What the task asks: From the data below, retype exactly the lines starting with the one that contains "La Fortuna town" and ending with the one that contains "GREECE-FINANCE-PUBLIC-DEBT-EU-DEMO - A", both included.
** Material provided follows **
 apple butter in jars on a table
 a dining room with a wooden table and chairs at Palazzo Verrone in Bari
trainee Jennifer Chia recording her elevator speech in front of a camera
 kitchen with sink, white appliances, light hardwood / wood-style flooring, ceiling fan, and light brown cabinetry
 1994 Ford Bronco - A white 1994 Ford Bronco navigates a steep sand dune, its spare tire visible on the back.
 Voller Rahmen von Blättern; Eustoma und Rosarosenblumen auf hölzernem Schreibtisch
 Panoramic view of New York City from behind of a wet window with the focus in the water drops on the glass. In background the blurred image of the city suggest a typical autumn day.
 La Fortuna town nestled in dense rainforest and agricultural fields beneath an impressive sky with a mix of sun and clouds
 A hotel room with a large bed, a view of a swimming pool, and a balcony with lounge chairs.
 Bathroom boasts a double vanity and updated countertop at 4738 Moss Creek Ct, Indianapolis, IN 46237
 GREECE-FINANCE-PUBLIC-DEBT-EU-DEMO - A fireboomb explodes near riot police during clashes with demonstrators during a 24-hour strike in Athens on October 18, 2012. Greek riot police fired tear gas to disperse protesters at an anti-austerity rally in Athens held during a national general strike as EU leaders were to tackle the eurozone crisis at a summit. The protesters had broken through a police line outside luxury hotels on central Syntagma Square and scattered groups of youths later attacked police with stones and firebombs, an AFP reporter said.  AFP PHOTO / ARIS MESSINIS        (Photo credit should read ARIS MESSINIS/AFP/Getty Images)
** End of Material provided **
** Material provided follows **
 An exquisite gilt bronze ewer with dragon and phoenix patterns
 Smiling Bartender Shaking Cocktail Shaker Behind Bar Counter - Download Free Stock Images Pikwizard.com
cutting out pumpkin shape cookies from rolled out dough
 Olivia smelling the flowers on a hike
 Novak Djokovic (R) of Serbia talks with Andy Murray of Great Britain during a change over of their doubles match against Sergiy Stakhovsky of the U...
** End of Material provided **
** Material provided follows **
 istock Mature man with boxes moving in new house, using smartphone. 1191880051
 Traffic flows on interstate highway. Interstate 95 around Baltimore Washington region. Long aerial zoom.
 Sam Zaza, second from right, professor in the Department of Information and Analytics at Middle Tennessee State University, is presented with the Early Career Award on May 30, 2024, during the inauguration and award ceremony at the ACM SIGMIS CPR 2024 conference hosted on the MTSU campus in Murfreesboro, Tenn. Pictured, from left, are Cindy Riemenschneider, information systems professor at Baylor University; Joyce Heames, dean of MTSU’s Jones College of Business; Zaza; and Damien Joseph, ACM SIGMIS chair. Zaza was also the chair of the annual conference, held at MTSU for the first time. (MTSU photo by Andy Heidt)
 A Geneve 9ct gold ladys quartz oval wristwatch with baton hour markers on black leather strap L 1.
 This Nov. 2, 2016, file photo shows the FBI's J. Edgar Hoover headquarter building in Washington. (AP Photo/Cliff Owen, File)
** End of Material provided **
Exercise result:
 La Fortuna town nestled in dense rainforest and agricultural fields beneath an impressive sky with a mix of sun and clouds
 A hotel room with a large bed, a view of a swimming pool, and a balcony with lounge chairs.
 Bathroom boasts a double vanity and updated countertop at 4738 Moss Creek Ct, Indianapolis, IN 46237
 GREECE-FINANCE-PUBLIC-DEBT-EU-DEMO - A fireboomb explodes near riot police during clashes with demonstrators during a 24-hour strike in Athens on October 18, 2012. Greek riot police fired tear gas to disperse protesters at an anti-austerity rally in Athens held during a national general strike as EU leaders were to tackle the eurozone crisis at a summit. The protesters had broken through a police line outside luxury hotels on central Syntagma Square and scattered groups of youths later attacked police with stones and firebombs, an AFP reporter said.  AFP PHOTO / ARIS MESSINIS        (Photo credit should read ARIS MESSINIS/AFP/Getty Images)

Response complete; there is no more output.